Ossoff repeated criticism of the decision of President Donald Trump to strike Iran.

“Eight months ago, President Trump lied to the country when he falsely claimed to have ‘obliterated’ Iran’s nuclear program. Now he says he’s taken the United States to war for regime change, without evidence of imminent threat, without having exhausted diplomacy, without clear objectives or a plan for the aftermath, and without the consent of Congress,” Ossoff said.

“The American people overwhelmingly oppose another open-ended regime change war in the Middle East. And the president owes Americans a real explanation for his decision to take this nation to war. Two a.m. posts on Truth Social are just not good enough when you’re sending Americans into combat,” he said.

Ossoff supported a failed War Powers Resolution that would have limited Trump’s ability to order military action without congressional approval. On March 4, the Senate rejected the resolution by a vote of 47 in favor and 53 opposed.

In a March 1 statement, the Jewish Federation of Greater Atlanta said the agency “prays for the success of the joint United States and Israeli actions in Iran and the safety of the brave fighters of the United States Armed Forces and the Israel Defense Forces carrying them out.

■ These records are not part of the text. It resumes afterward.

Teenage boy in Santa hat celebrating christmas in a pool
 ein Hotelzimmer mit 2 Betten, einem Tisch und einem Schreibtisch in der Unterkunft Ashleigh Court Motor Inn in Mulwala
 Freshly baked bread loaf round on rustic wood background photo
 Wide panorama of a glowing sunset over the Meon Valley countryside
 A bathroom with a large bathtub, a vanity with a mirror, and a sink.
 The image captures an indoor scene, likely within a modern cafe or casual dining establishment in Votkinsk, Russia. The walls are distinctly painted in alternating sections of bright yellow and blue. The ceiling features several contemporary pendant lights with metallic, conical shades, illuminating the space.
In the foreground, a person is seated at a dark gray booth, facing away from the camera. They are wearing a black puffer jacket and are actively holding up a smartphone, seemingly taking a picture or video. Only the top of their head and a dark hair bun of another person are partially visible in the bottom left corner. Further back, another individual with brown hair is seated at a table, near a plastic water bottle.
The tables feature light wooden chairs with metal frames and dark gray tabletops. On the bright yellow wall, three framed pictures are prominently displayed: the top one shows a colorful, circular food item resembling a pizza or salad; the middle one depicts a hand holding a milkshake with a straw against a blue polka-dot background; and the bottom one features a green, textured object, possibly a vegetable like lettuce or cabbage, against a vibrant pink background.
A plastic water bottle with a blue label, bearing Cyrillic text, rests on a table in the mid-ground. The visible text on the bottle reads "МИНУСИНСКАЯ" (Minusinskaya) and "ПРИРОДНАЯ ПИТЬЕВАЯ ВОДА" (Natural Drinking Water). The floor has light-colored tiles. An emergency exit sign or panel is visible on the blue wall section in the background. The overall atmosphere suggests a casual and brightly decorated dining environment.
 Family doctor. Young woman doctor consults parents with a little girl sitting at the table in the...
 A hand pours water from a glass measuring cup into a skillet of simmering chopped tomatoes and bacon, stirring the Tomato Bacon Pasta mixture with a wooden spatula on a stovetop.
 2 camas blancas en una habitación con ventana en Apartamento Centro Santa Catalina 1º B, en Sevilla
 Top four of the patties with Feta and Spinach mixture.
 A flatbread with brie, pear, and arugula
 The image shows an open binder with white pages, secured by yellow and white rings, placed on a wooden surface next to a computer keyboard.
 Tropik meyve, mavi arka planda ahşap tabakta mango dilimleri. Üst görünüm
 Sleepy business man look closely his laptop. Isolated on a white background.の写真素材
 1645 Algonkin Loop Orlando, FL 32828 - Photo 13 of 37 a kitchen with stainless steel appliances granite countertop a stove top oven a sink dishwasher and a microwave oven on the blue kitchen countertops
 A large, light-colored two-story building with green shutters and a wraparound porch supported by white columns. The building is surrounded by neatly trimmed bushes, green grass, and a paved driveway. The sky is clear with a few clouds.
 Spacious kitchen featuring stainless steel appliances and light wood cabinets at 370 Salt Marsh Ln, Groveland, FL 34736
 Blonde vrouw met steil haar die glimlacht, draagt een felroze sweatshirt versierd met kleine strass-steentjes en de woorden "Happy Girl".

We are closely monitoring events on the ground and communicating with our colleagues and partners in Israel.”

The lone Jewish member of the Georgia General Assembly, Democratic state Rep. Esther Panitch, posted Feb. 28 on the social media platform “X” a picture of two lions, one draped in an Israeli flag and the other with the Iranian “Lion and Sun” flag, which depicts a lion holding a sword. That emblem was replaced after the 1979 Islamic revolution that deposed the Pahlavi dynasty.

Above that image, Panitch wrote: “My prayers are with every American service member and IDF soldier standing together against the murderous IRGC. May God protect them and bring them home safely to their families. We also pray for the Iranian people, who deserve freedom from the regime that oppresses them. God Bless America. Am Yisrael Chai.

On the business front, Delta Air Lines canceled flights to Tel Aviv from JFK International Airport in New York through March 8 and from Ben Gurion Airport near Tel Aviv to JFK through March 9.